MAHKEMESİ :Asliye Hukuk Mahkemesi

Davacı vekili tarafından, davalılar aleyhine 28.09.2004 gününde verilen dilekçe ile tapu iptali ve mera olarak sınırlandırma istenmesi üzerine yapılan duruşma sonunda; davanın kabulüne dair verilen 17.04.2008 günlü hükmün Yargıtayca incelenmesi davalılar vekilleri tarafından istenilmekle süresinde olduğu anlaşılan temyiz dilekçesinin kabulüne, davalı … vekilinin duruşma isteğinin değer yönünden reddine karar verildikten sonra dosya ve içerisindeki bütün kağıtlar incelenerek gereği düşünüldü:
K A R A R
Davacı Hazine vekili, davalılara ait 1622 parsel sayılı taşınmazın 8548m2’lik kısmının mera olduğundan bahisle iptali ile özel siciline mera niteliği ile kaydedilmesini istemiştir.
Davalılar, davanın reddini savunmuşlardır.
Mahkemece, davanın kabulüne karar verilmiştir.
Hükmü, davalılar vekilleri temyiz etmiştir.
Dava, mera iddiasına dayalı tapu iptali istemine ilişkindir.
Hüküm tarihinden sonra 14.03.2009 tarihi itibariyle yürürlüğe giren 5841 sayılı Kanununun 2. maddesi hükmünce 3402 sayılı Kadastro Kanununun 12. maddesinin 3. fıkrasına “Bu hüküm iddia ve taşınmazın niteliğine yahut Devlet veya diğer kamu tüzel kişileri dahil tarafların sıfatına bakılmaksızın uygulanır” cümlesi eklenmiştir.

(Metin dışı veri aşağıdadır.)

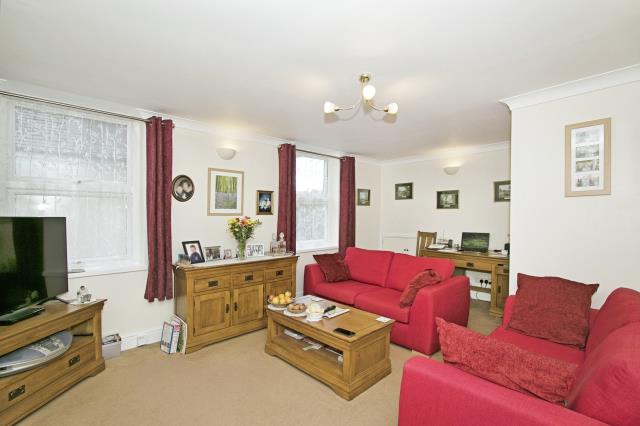 6, 6a & 7, Higher Fore Street, Redruth, Cornwall TR15 2AJ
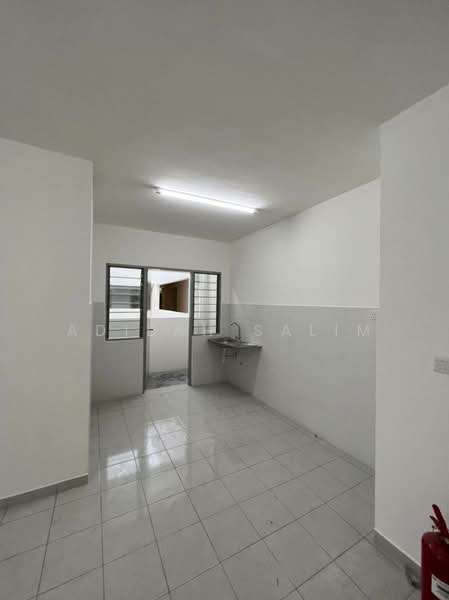 Pangsapuri untuk Dijual di Pangsapuri Aranda - Adibah Salim - Kitchen - PropertyGuru.com.my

Aynı yasanın 3. maddesi ile de 3402 sayılı Kadastro Yasasına geçici 10. madde eklenerek bu madde hükmü ile de az yukarıya metni alınan 12/3 maddesinin son cümlesi hükmünün yürürlük tarihi olan 14.03.2009 tarihinden önce açılan ve henüz kesin hükme bağlanmamış olan davalarda da uygulanacağı öngörülmüştür.
Getirilen yasal değişiklik, yargı yoluna başvurmada hak düşürücü sürenin yeniden düzenlenmesine ilişkin olup, yargılamanın her safhasında gözönünde
tutulması gereken zorunlu hükümlerden olmakla ve eldeki dava, özeti yapılan son yasal değişiklikten önce açılıp hükme bağlandığına göre, bu yasal değişiklikler karşısında tarafların hukuki durumları tekrar değerlendirilerek yeni bir hükme bağlanması gerekir.
Yukarıda açıklanan nedenle, yerel mahkemece 10 yıllık hak düşürücü sürenin geçip geçmediği konusunda yeniden değerlendirme yapılarak sonucuna göre bir karar verilmesi için hükmün bozulması gerekmiştir.
SONUÇ: Davalı vekillerinin temyiz itirazlarının yukarıda yazılı nedenle kabulü ile hükmün BOZULMASINA, bozma nedenine göre bu aşamada sair temyiz itirazlarının incelenmesine yer olmadığına, peşin yatırılan harcın istek halinde yatıranlara iadesine, 11.05.2009 tarihinde oybirliği ile karar veriLdi.